Over the next years, the Department of National Defence intends to deliver numerous massive C4ISR projects worth multiple billions of Canadian dollars. These are spread throughout the Force, with each service leading a portion. This is not the complete list of C4ISR projects, but a short list of the key upcoming capabilities that would be a good fit within a JADC2 construct to articulate the complexity of this procurement challenge:

Royal Canadian Air Force

  • NORAD Modernization;
  • Platform specific C4ISR capabilities (RPAS project, CF18 replacement program); and
  • Tactical Integrated Command, Control and Communications Air (TIC3Air).

Royal Canadian Navy

  • Platform specific C4ISR capabilities (CSC, AOPS, JSS);
  • Intelligence, Surveillance, Target Acquisition, and Reconnaissance (ISTAR) unmanned aircraft system (UAS).

Canadian Army

  • Intelligence Surveillance Reconnaissance Modernization (ISR Mod);
  • Land Command Support System – Tactical Command and Control Information System Modernization (LCSS – TC2ISM); and
  • Joint Deployable Headquarters and Signals Regiment Modernization (JDHQSRM).

Information Management Group

  • Information Technology Infrastructure in Support of Command and Control (ITI in Sp of C2).

Canadian Forces Intelligence Command

  • Network enhancement projects.


In addition to this list of digitization projects, there are many other smaller scale sensor-to-shooter enhancement projects across the CAF. It is appreciated that the CAF is looking to address shortfalls and aim towards achieving technological superiority. Invariably, the short list above is a set of extremely complex and sophisticated capabilities, which leads us to ask a few questions: Does the CAF want to interconnect these capabilities for a Joint force commander, and extend to subordinate Army commanders? What is the glue between all these DND/CAF C4ISR projects? These complex projects will get awarded to different prime contractors: Who is the CAF chief architect that sets the cadence in terms of the network solution to implement?

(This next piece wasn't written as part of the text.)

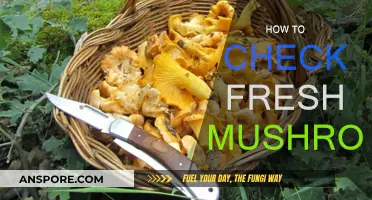 Selecting Fresh Mushrooms: A Quick Guide to Quality
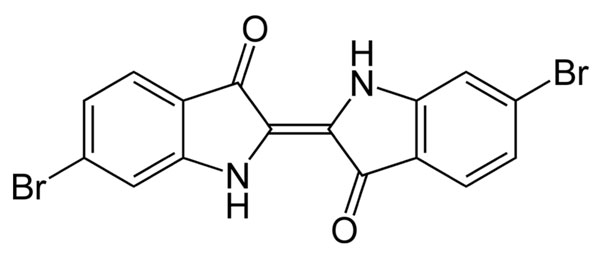 骨螺紫图片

Increasingly in vogue is this term glueware to denote crucial gaps between various individual defence requirements.

To avoid the underperformance of Canada’s network-centric warfare capabilities, DND’s procurement community needs to articulate requirements that position its C4ISR projects for successful implementation of JADC2. But the first step is that the CAF leadership needs to set a strategy so that both the troops and defence industry all have a shared and common understanding, if there is the ambition to build this joint all-domain warfighting enterprise.

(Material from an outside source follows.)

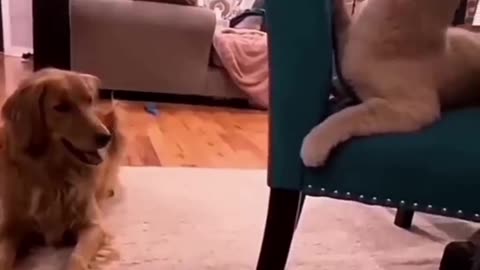 Cat slap's the dog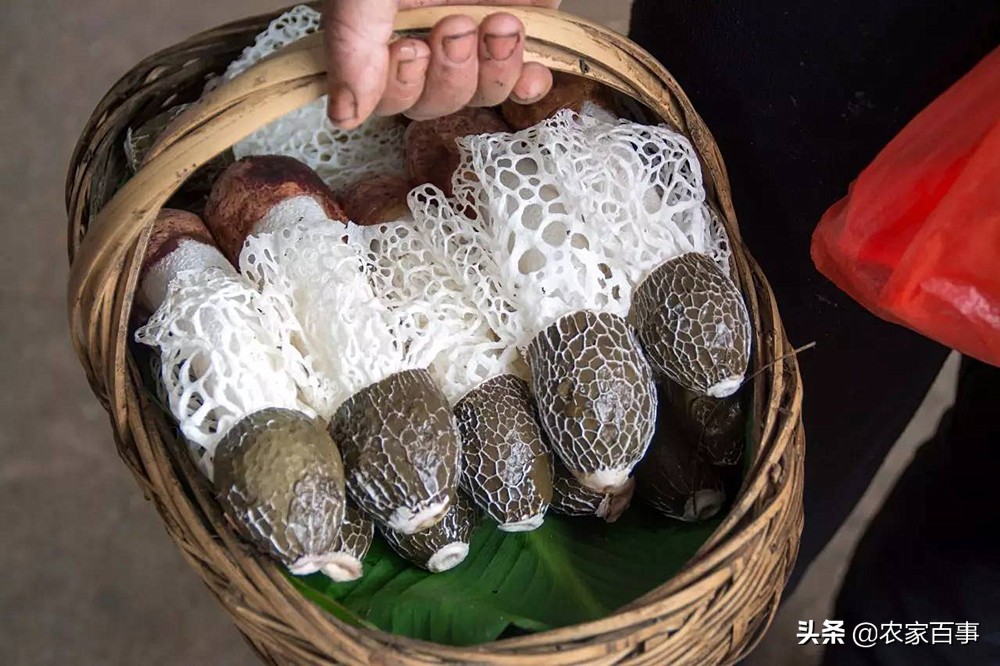 顶级野生竹荪,竹荪被誉为什么菌菇之王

Because this JADC2 architecture is such a leap forward, CAF leadership must also understand that they must increase their trust and reliance on defence industry technology leaders who understand and can deliver on the ambition, and who devote significant efforts to fully understanding the detailed user-experience required to deliver on this conceptual promise. The Army Digitization Strategy combined with the list of projects above is evidence they are thinking in the right direction and in absence of a true joint strategy that includes industry’s role, they will likely be the service that pulls the next iteration of joint interoperability.


LCol (Ret’d) Dave Jones is VP Business Development at CINTIQS. He served 29 years as an Air Force Communications and Electrical Engineer and Special Forces operator, spending most of his time in Joint and Special Forces communities. His last Regular Force appointment was leading CANSOF’s C4ISR capability development portfolio. Maj (Ret’d) Bruno Perron is a Solutions Architect at CINTIQS. He served 12 years as a Canadian Army intelligence officer providing human terrain advice to technologically focused commanders within Canada’s Signals Intelligence, Electronic Warfare and Cyber communities. He also served as a foreign exchange officer at U.S. Cyber Command.